/RSSFeedler

RSS aggregator with a bit of ML

Primary LanguagePython

RSSFeedler

After Prismatic decided to shut down I wanted to get the same functionality -- I need my news back. But I didn't know about Flipboard existence. So I wrote this simple RSS aggregation tool with a bit of machine learning algorithms.

I'm a busy man but in the same time I want to know all news I am interested in. To save a bit of time I started this project. In it I try to teach my news aggregator what news I like and what I dislike by extracting top keywords from feed entry and based on previously liked posts classify new news =). As a result classification is based on user preference and sorts by 'scores'.

You can choose ML algorithm for classification in server.py from Naive Bayes, Support Vector Machine and Decision Tree.
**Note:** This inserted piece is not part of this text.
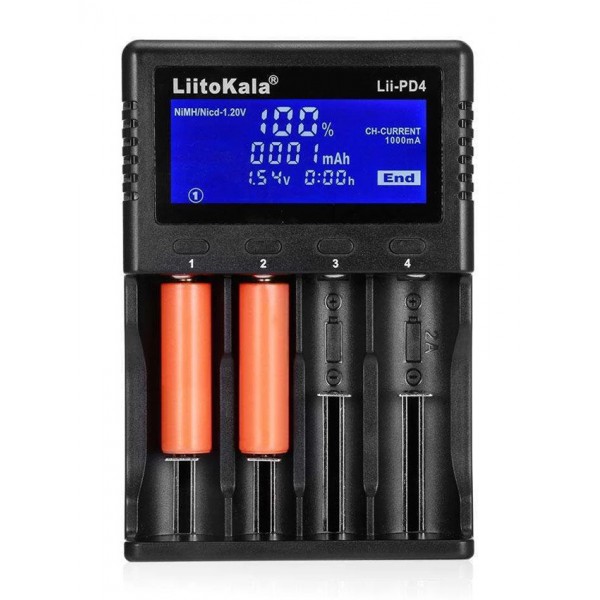 LIITOKALA φορτιστής LII-PD4 για μπαταρίες NiMH/CD, Li-Ion, IMR, 4 slots LIITOKALA φορτιστής LII-PD4 για μπαταρίες NiMH/CD, Li-Ion, IMR, 4 slots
Default is Support Vector Machine because for me it works better.

On start relevant link will fall with 500 error because there will be not enough information of you likes/dislikes. You need at first read news from main feed which sorted by published time.

Dependencies
  • Docker
  • Docker-compose
  • nginx
  • uwsgi
  • Flask
  • feedparser
  • gevent
  • nltk
  • numpy
  • pymongo
  • scikit-learn
  • scipy
  • sklearn
Installation

Create feeds.py with FEED list of RSS sources you interested in.

Then do:

docker-compose build
docker-compose up
Dump db
mongodump -v --host $(docker inspect -f '{{range .NetworkSettings.Networks}}{{.IPAddress}}{{end}}' $(docker ps -q --filter "name=rssnews_db_1")):27017 --db 'feed' --out=./backup/
mongodump -v --host $(docker inspect -f '{{range .NetworkSettings.Networks}}{{.IPAddress}}{{end}}' $(docker ps -q --filter "name=rssnews_db_1")):27017 --db 'saved' --out=./backup/
Restore db
mongorestore --drop -v --host $(docker inspect -f '{{range .NetworkSettings.Networks}}{{.IPAddress}}{{end}}' $(docker ps -q --filter "name=rssnews_db_1")):27017 --db 'feed' ./backup/feed/
mongorestore --drop -v --host $(docker inspect -f '{{range .NetworkSettings.Networks}}{{.IPAddress}}{{end}}' $(docker ps -q --filter "name=rssnews_db_1")):27017 --db 'saved' ./backup/feed/

 #### Todo

  • News by source tab
  • SPA 
  • Store algorithm in db